Mistake number one is calling it monitoring or evaluation or results. The data collection task is one that is integral to everything a development programme should be doing. You need to know what you don’t know, what you can know, and what you have experiment to find out.

Essentially, the job of a development programme aiming to stimulate systemic change, is to get one over on the system. Systems are pretty knowledgeable. Of all the things there are to know, they know most of them. You have to find out (or try to find out) something that it doesn’t know in a way that benefits the poor. That might be a business model that the system didn’t know was profitable, a function that the system didn’t know was needed to improve efficiency, or an input that the system didn’t know was more cost effective. One thing that systems – particularly in developing countries - aren’t that great at is producing and aggregating information into nice little digestible packages. So, in order to find the little nuggets of information that might allow you to change the system, you need to put in the effort – and that effort is in data collection.

Data collection – often presented in the guise of the misnomers highlighted above – should be integral to everything that a development programme does. Data allows you to decide what to do, determine whether what you’re doing is working, and redesign what you’re doing according to your results. Two further mistakes that development programmes make are key in this regard.

Firstly, people. Development programmes tend to recruit two types of people – development people and ‘experts’. Both may be valuable but neither are inherently so. Without an inquisitive mind and a willingness to learn, you’re not going to be able to reveal any information that the system doesn’t already know. Further, as both a development person and an ‘expert’ - whether that’s an expert in a sector, a country, or a technical solution such as mobile technology – you’re likely to arrive with preconceptions about the programme and what ‘should’ be done. Developing country contexts are dynamic and information can quickly become outdated. The fact that you’ve been working in an industry for four decades does not mean you’re best placed to produce new information on the ways it might be changed. The first task of any development programme should be to find out about the areas in which they’re working – who the actors are, where the actors are, what they do, how they interact. Sector experts may be able to use their experience to satisfy some of these information needs more quickly, but they should want to challenge their preconceptions and verify whether the information still stands.

Secondly, structure. Information is crucial to all aspects of a development programme, from operations and budgeting, through intervention design, and impact assessment.
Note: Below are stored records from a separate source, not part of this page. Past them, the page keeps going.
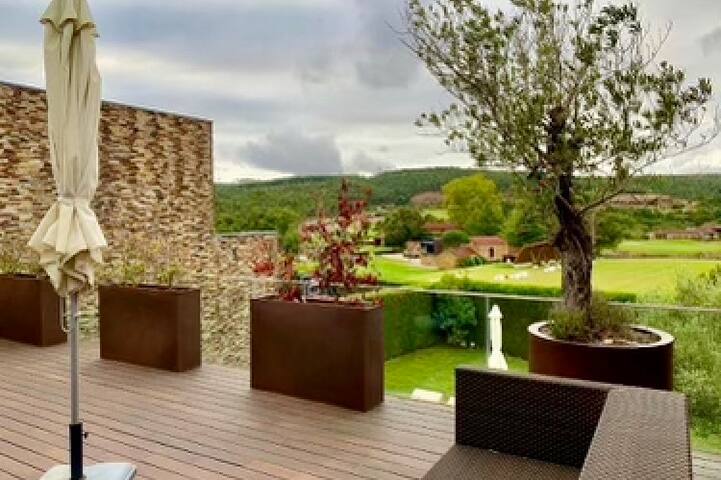 Golf Porto getaway 4 bedroom Villa gallery image 5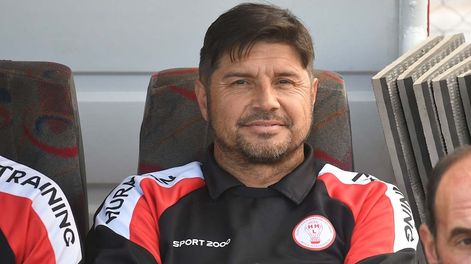 Los Andes | Alejandro Abaurre, técnico del Globo, no ocultó su felicidad por el buen rendimiento de sus dirigidos que volvieron al triunfo después de tres fechas, al superar a Peñarol de San Juan, 1 a 0. Foto: José Gutierrez / Los Andes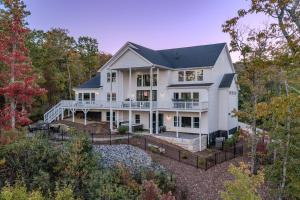 een luchtzicht op een wit huis bij Catawba Falls Manor in Ridgecrest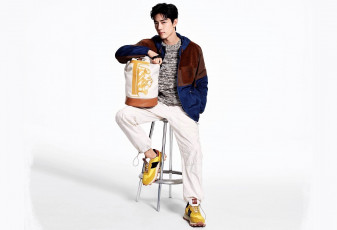 Картинка мужчины xiao+zhan актер куртка кроссовки рюкзак табурет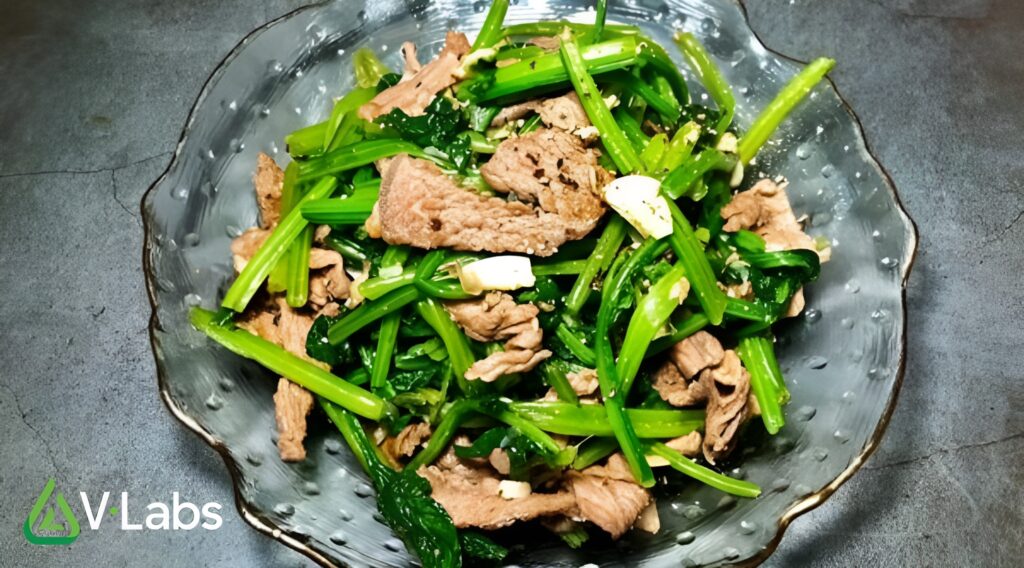 rau chân vịt xào bò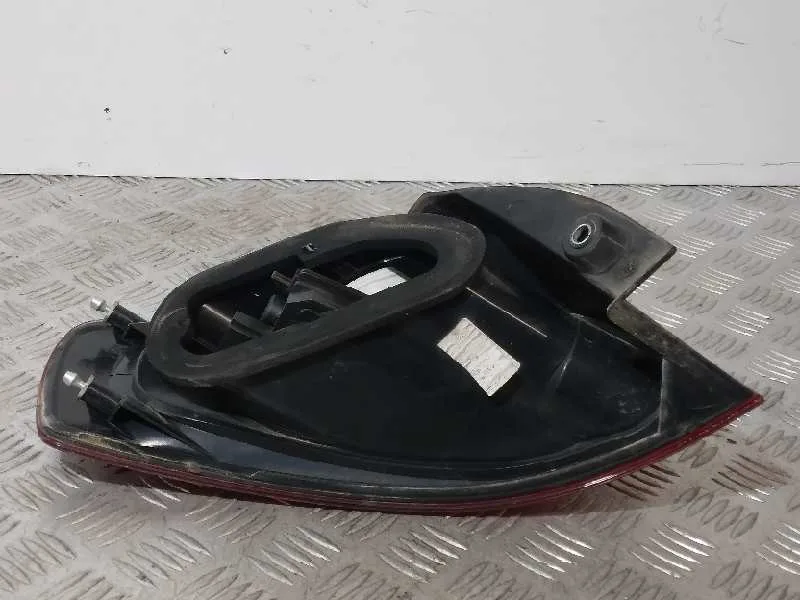 Piloto Trasero Derecho para Fiat Croma (194)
Therefore, inquisitiveness, and some of the basic tools to allow this curiosity to be satisfied, should be hardwired into the culture of development programmes. Setting an M&E function apart from the rest allows others within the organisation to think it’s ‘their job’ as opposed to everyone’s job. A programme monitoring function should be set up up-front and should act as an advisory to all others within the organisation on some of the systems and tools for data gathering that might be employed.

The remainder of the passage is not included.